Ebola symptoms can include fever, muscle pain, vomiting and bleeding, and can appear as long as 21 days after exposure to the virus. The disease is not contagious until symptoms begin, and it takes close contact with bodily fluids to spread.

Officials said there are no other suspected cases in Texas, but the diagnosis sent chills through the area’s West African community, whose leaders urged caution to prevent spreading the virus.

The man left Liberia on Sept. 19, arrived the next day to visit relatives and started feeling ill four or five days later, Frieden said.

Stanley Gaye, president of the Liberian Community Association of Dallas-Fort Worth, said the 10,000-strong Liberian population in North Texas is skeptical of the CDC’s assurances because Ebola has ravaged their country.

“We’ve been telling people to try to stay away from social gatherings,” Gaye said Tuesday at a community meeting.

The CDC has not advised that people avoid large gatherings in this country.

The association’s vice president warned against alarm in the community.

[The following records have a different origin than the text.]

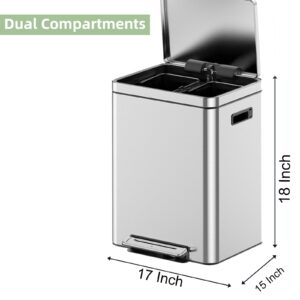 GAOMON 30 L/8 Gallon Trash Can with Lid, Rectangular Trash Can, Fingerprint Proof Stainless Steel Pedal Trash Can with Removable Inner Bucket, Step Trash Bin, Dual Garbage Cans for Kitchen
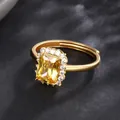 Luxury gold adjustable halo ring featuring a large rectangular yellow crystal gemstone - Adjustable Open / 24K Gold Plated-Golden Yellow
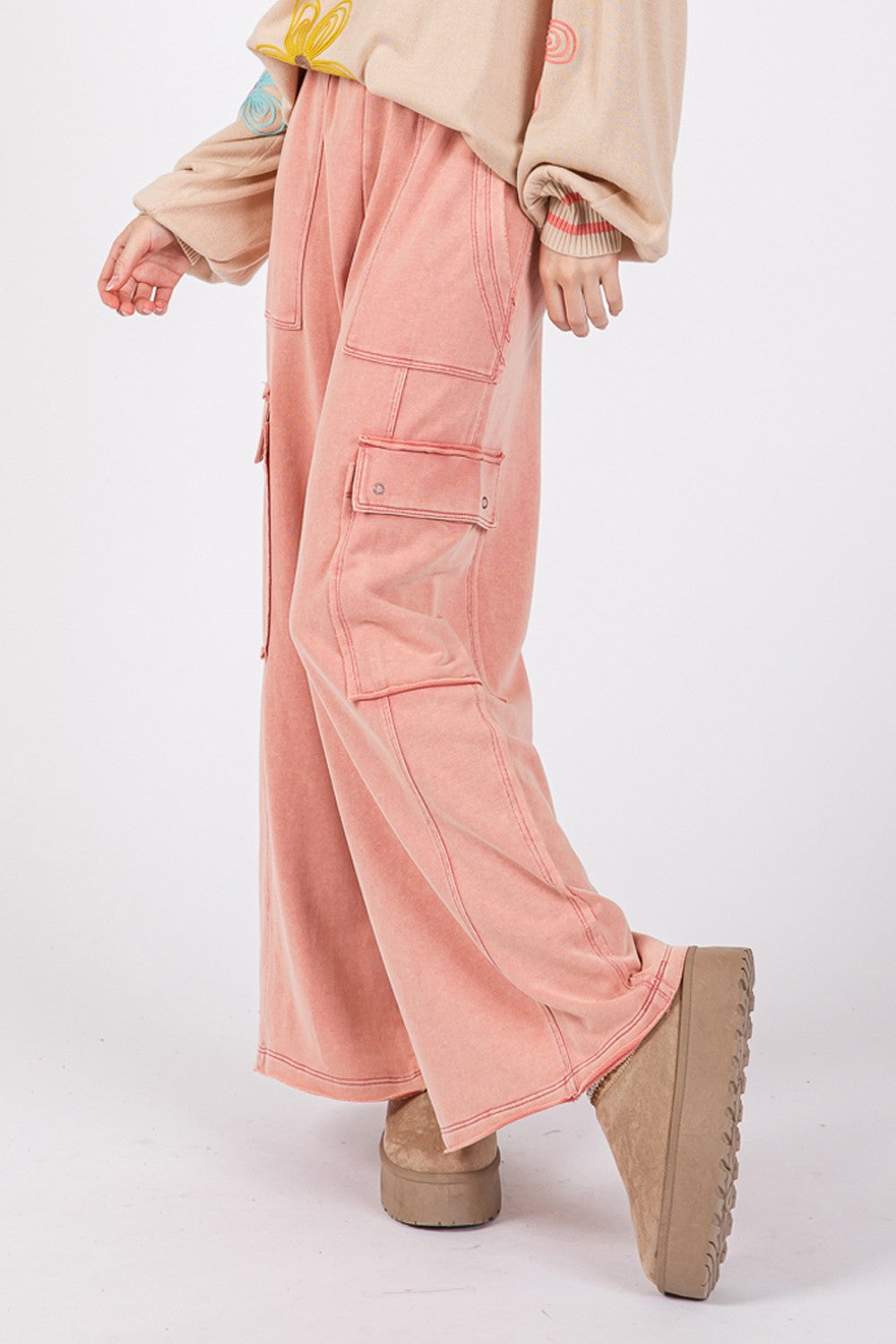 Knit Terry Mineral Wash Wide Leg Pants-Pants-Krush Kandy, Women's Online Fashion Boutique Located in Phoenix, Arizona (Scottsdale Area)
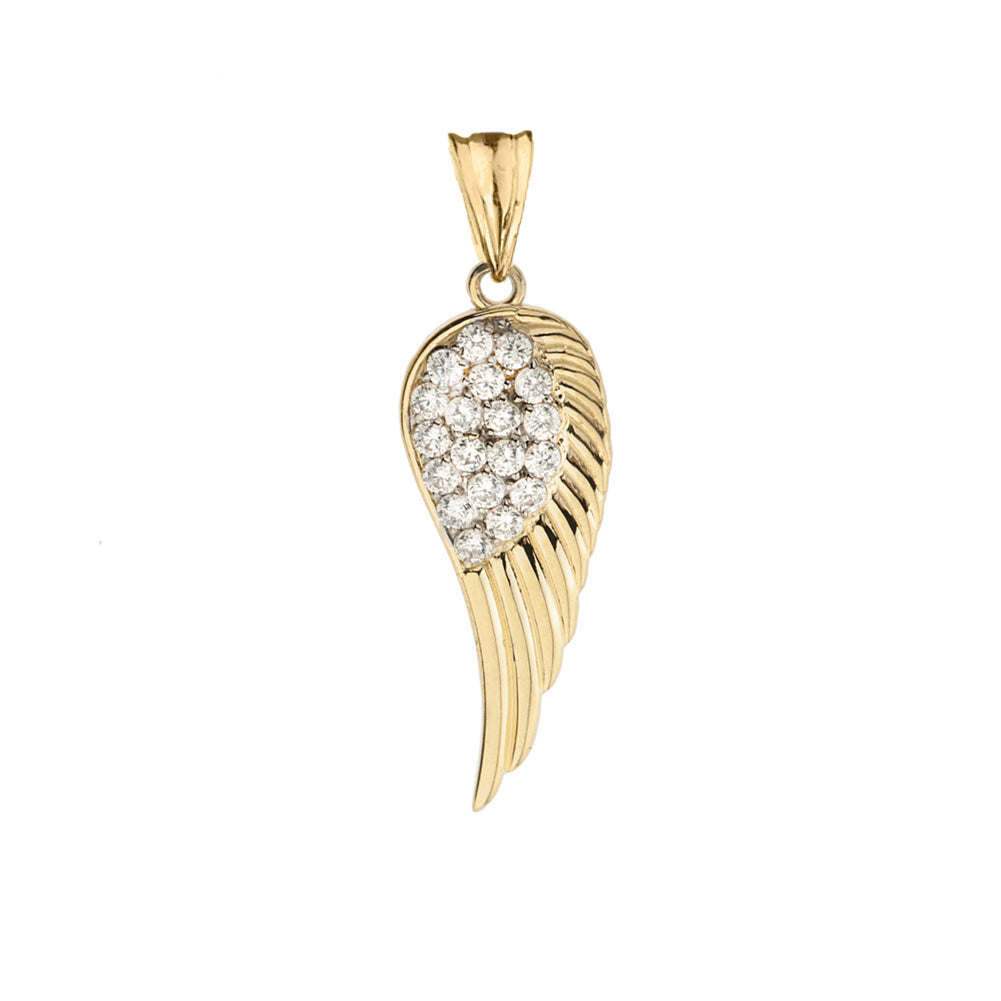 Elegant Gold Diamond Angel Wing Pendant Necklace, view 4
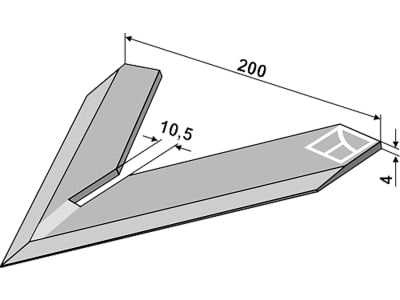 Industriehof® Hackschar, Arbeitsbreite 200 mm, zum Anschweißen für Steketee, 1.10.1102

“We don’t want to get a panic going,” said vice president Roseline Sayon. “We embrace those people who are coming forward. Don’t let the stigma keep you from getting tested.”

PHOTO: A man walks up the stairway leading to the Texas Health Presbyterian Hospital in Dallas, Tuesday, Sept. 30, 2014.  A patient in the hospital is showing signs of the Ebola virus and is being kept in strict isolation with test results pending, hospital officials said Monday. (AP Photo/LM Otero)

A man walks up the stairway leading to the Texas Health Presbyterian Hospital in Dallas, Tuesday, Sept. 30, 2014. A patient in the hospital is showing signs of the Ebola virus and is being kept in strict isolation with test results pending, hospital officials said Monday. (AP Photo/LM Otero)

Frieden said he didn’t believe anyone on the same flights as the patient was at risk.

“Ebola doesn’t spread before someone gets sick, and he didn’t get sick until four days after he got off the airplane,” Frieden said.

Four American aid workers who became infected in West Africa have been flown back to the U.S. for treatment after they became sick. They were treated in special isolation facilities at hospitals in Atlanta and Nebraska. Three have recovered.

A U.S. doctor exposed to the virus in Sierra Leone is under observation in a similar facility at the National Institutes of Health.

The U.S. has only four such isolation units, but Frieden said there was no need to move the latest patient because virtually any hospital can provide the proper care and infection control.

The man, who arrived in the U.S. on Sept. 20, began to develop symptoms last Wednesday and sought care two days later. But he was released.

At the time, hospital officials didn’t know he had been in West Africa. He returned later as his condition worsened.

Blood tests by Texas health officials and the CDC separately confirmed his Ebola diagnosis Tuesday. State health officials described the patient as seriously ill.

Dr. Edward Goodman, an epidemiologist at the hospital, said the patient was able to communicate and was hungry.

The hospital is discussing if experimental treatments would be appropriate, Frieden said.

Passengers leaving Liberia pass through rigorous screening, the country’s airport authority said Wednesday. But those checks are no guarantee that an infected person won’t get through and airport officials would be unlikely to stop someone not showing symptoms, according to Binyah Kesselly, chairman of the Liberia Airport Authority’s board of directors.

CDC officials are helping staff at Monrovia’s airport, where passengers are screened for signs of infection, including fever, and asked about their travel history. Plastic buckets filled with chlorinated water for hand-washing are present throughout the airport.

Liberia is one of the three hardest-hit countries in the epidemic, along with Sierra Leone and Guinea.

Ebola is believed to have sickened more than 6,500 people in West Africa, and more than 3,000 deaths have been linked to the disease, according to the World Health Organization. But even those tolls are probably underestimates, partially because there are not enough labs to test people for Ebola.